Only his second novel, but what a difference in quality compared to In the Drift. Like Sterling’s Schismatrix this feels like a progenitor of all those transhuman/posthuman elements that became so prevalent later on in SF. It’s a tour of a future solar system that has the same idea density and complexity like e.g. the more recent Accelerando by Charles Stross. The core premise of the novel is the complete reprogrammability of the human mind, a powerful concept that isn’t easily handled and thus often avoided, even in more recent fiction. Swanwick explores this from various directions, a borglike entity that controls Earth, a Mars-commune that programs its citizen do be brave and happy worker drones and more.
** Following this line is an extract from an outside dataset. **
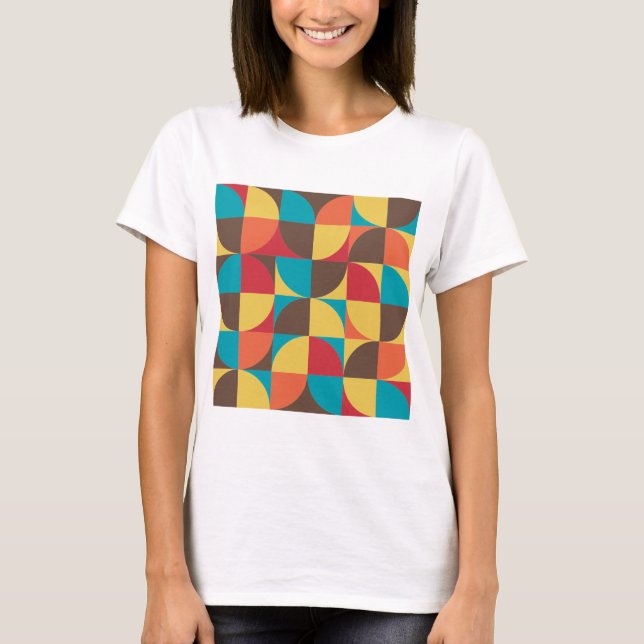 Abstract Geometric 110421v5 T-Shirt (Front)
The human mind has become just as mutable as fashion. Swanwick’s novel shows a future out of control, having lost its last fixed or at least slow moving attractor. If free will and identity are easily editable they become worthless, and while the Comprise, the borglike entity on Earth, seems like the most unpleasant outcome of this future, it makes sense in a world where identity and self has become an endlessly interchangeable commodity. The plot hook of the book is about another alternative, an updated version of the human mind, personalities that revert despite every reprogramming to their normal state. In consequence making the human mind immutable again.
This is my kind of book, taking an idea and running as far as possible with it. Admittedly this happens (a bit) at the expense of characterization and atmosphere, but nothing can beat the raw power of the ideas exhibited here.